PROBLEM DETAILS: Where the data below contains pictures, omit them; output the rest word for word.

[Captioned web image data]

+-------+

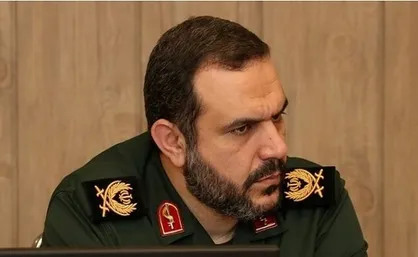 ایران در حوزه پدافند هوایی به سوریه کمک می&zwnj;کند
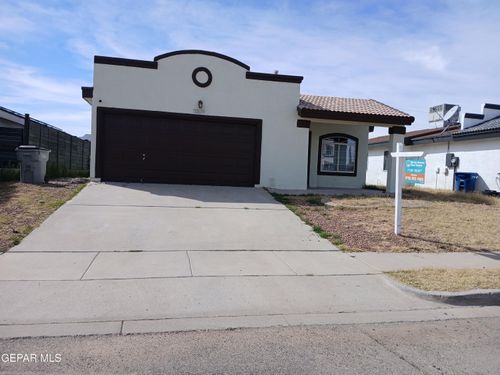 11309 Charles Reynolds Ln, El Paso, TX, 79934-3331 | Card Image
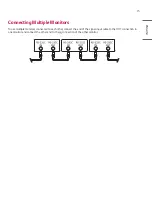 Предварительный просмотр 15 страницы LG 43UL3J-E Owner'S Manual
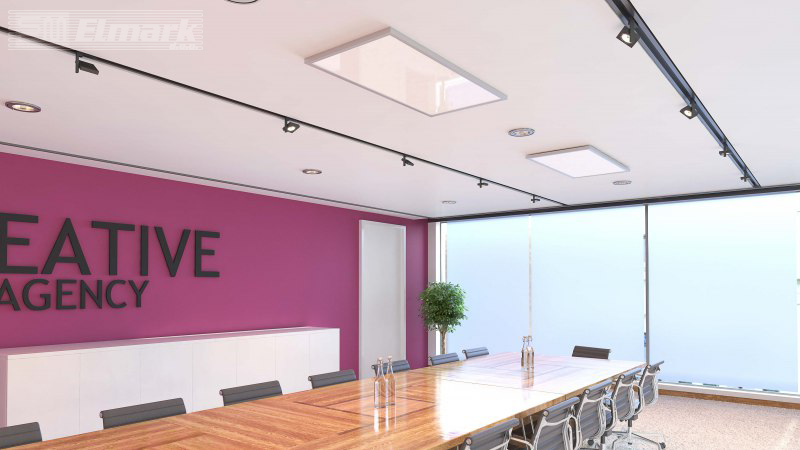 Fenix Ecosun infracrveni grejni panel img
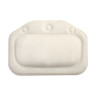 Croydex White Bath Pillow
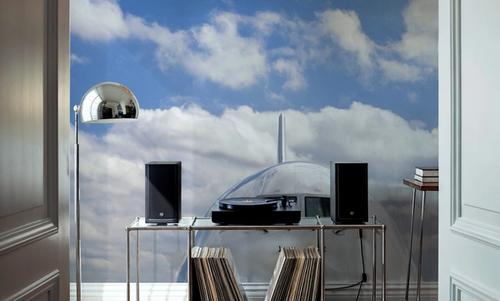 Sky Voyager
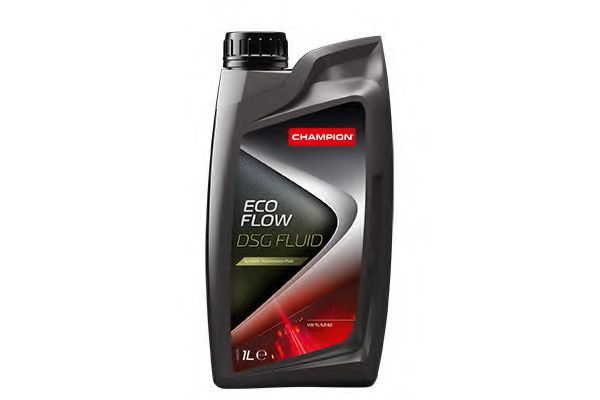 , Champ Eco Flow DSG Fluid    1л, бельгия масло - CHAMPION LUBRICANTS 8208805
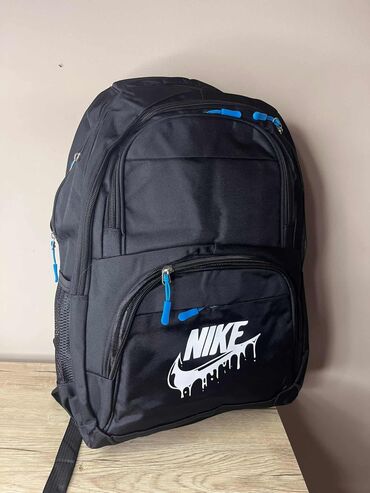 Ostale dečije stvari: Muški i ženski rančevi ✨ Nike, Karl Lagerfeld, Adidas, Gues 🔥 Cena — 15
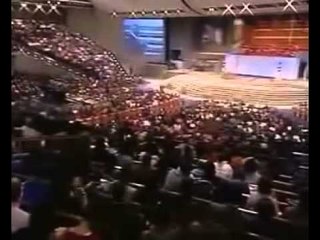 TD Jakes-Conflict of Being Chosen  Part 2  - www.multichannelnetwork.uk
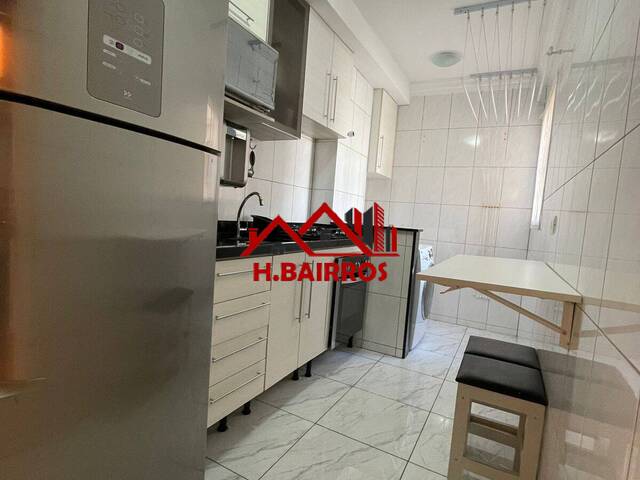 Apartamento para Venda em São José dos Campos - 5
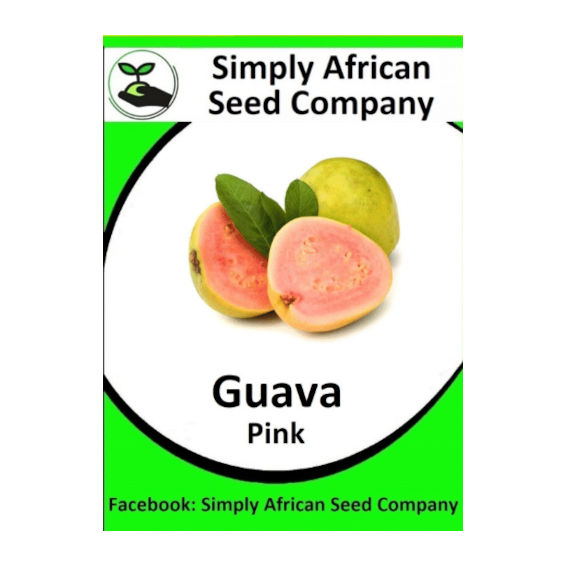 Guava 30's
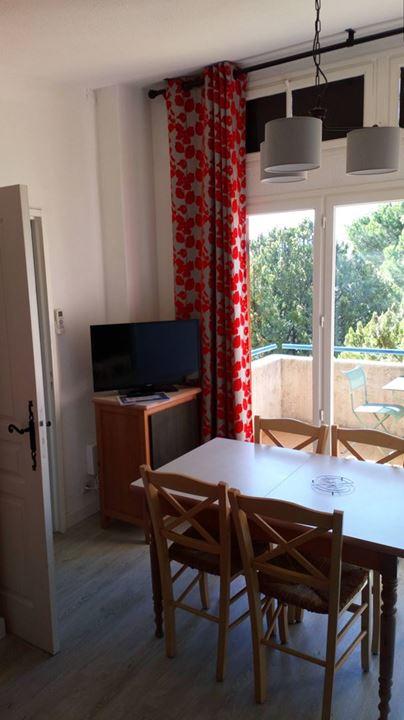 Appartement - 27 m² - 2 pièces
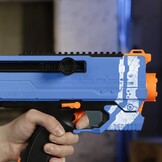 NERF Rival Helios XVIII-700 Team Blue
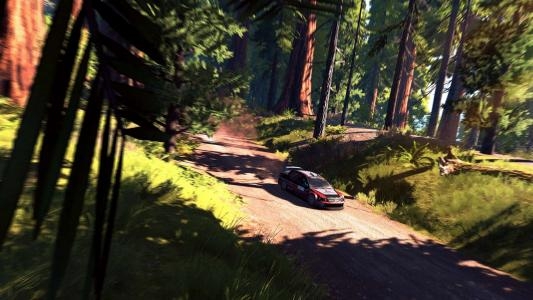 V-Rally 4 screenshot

+-------+

RESULT OF THIS EXERCISE:
 ایران در حوزه پدافند هوایی به سوریه کمک می&zwnj;کند
 11309 Charles Reynolds Ln, El Paso, TX, 79934-3331 | Card Image
 Предварительный просмотр 15 страницы LG 43UL3J-E Owner'S Manual
 Fenix Ecosun infracrveni grejni panel img
 Croydex White Bath Pillow
 Sky Voyager
 , Champ Eco Flow DSG Fluid    1л, бельгия масло - CHAMPION LUBRICANTS 8208805
 Ostale dečije stvari: Muški i ženski rančevi ✨ Nike, Karl Lagerfeld, Adidas, Gues 🔥 Cena — 15
 TD Jakes-Conflict of Being Chosen  Part 2  - www.multichannelnetwork.uk
 Apartamento para Venda em São José dos Campos - 5
 Guava 30's
 Appartement - 27 m² - 2 pièces
 NERF Rival Helios XVIII-700 Team Blue
 V-Rally 4 screenshot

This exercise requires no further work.